This embryonic Talmudic world, which had rejected Moses, was the same one that would kill The Christ. They would do so in the most merciless fashion possible. How was this different from the Pagan world of that same day? It wasn’t. Not different at all. It was simply another cruel display of strength. But is was kosher, right? Not a bone was broken. And the sacrificial offering was bled totally dry. That’s all that counted to them.

Yes, cruel strength, and the unmerciful display of that same strength, was the heart of the ancient world, whether Homeric or Pharisaic. It’s not for nothing that this preternatural strength is one of the three marks of demonic possession. A possession seen in the hubristic delight of the ancients, as they dispatched their mortally wounded opponents. No torment was too cruel for their taste. Dragging the dead body of Hector around Troy was the least they could do to show their version of honor. Honor, unto themselves.

BAP and the Pharisees of today are both puzzled and confused by this change in testamentary themes. Pagans of any stripe or spelling, whether enthralled by wrath, rubric or rumination, cannot understand the subtle logic of deceit. As a result, they have been left behind by their god-coaches who have recruited fresher and more nimble players who understand the new playbook. Think of the ‘Enlightenment’. Think of Voltaire. And Hegel. And Nietzsche. And all who have embraced them. Robespierre, Hitler, Lenin, Mao, Lincoln and Roosevelt. All of them.
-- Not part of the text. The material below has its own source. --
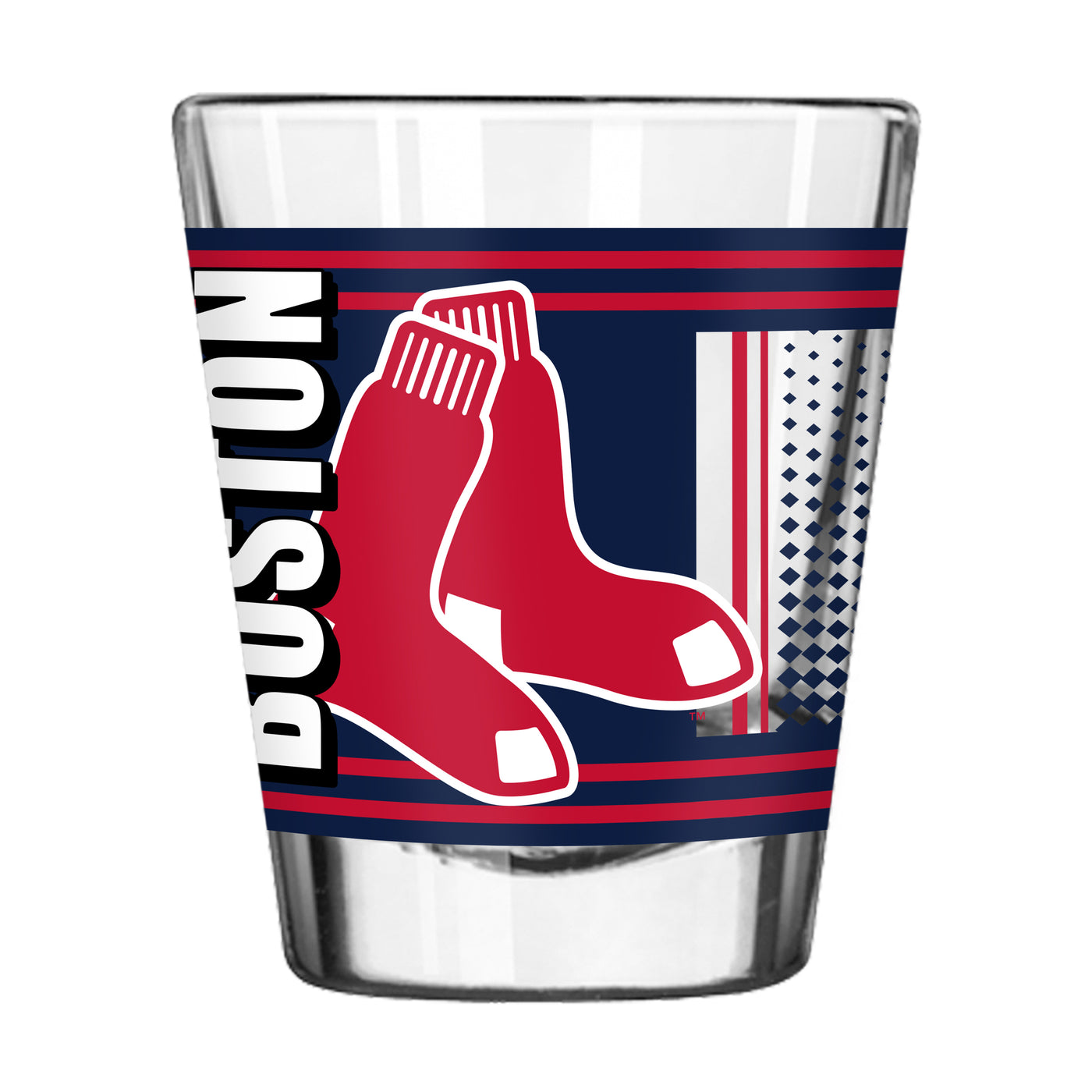 Boston Red Sox 2oz Hero Shot Glass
Together, these new gods of deception have sold us a ‘new and improved’ Paganism. A Paganism that dares not speak its old name. A Paganism re-named, wrapped in the ‘truth of science’. A Paganism with a bland, calm face that bids us to ‘engage in dialogue’ that leads us calmly yet inexorably towards the same position their ancestors proclaimed with ferocity. A new and improved process that leads to more slaughter than the ancients could ever imagine, let alone deliver, to honor their gods, and themselves.

In the ancient world of Paganism, you had to pit your ferocity against perhaps an equally ferocious opponent. After all, there were plenty of team sponsors (the gods) in these original Olympics. An opponent equally armed, perhaps even better. Only by giving yourself completely over to the will of your particular god-coach (that is, by allowing yourself to be possessed, literally) could you hope to overpower your enemy and to dispatch him in the cruelest of ways. All of this was pleasing to the gods. On the seventh day they did not rest.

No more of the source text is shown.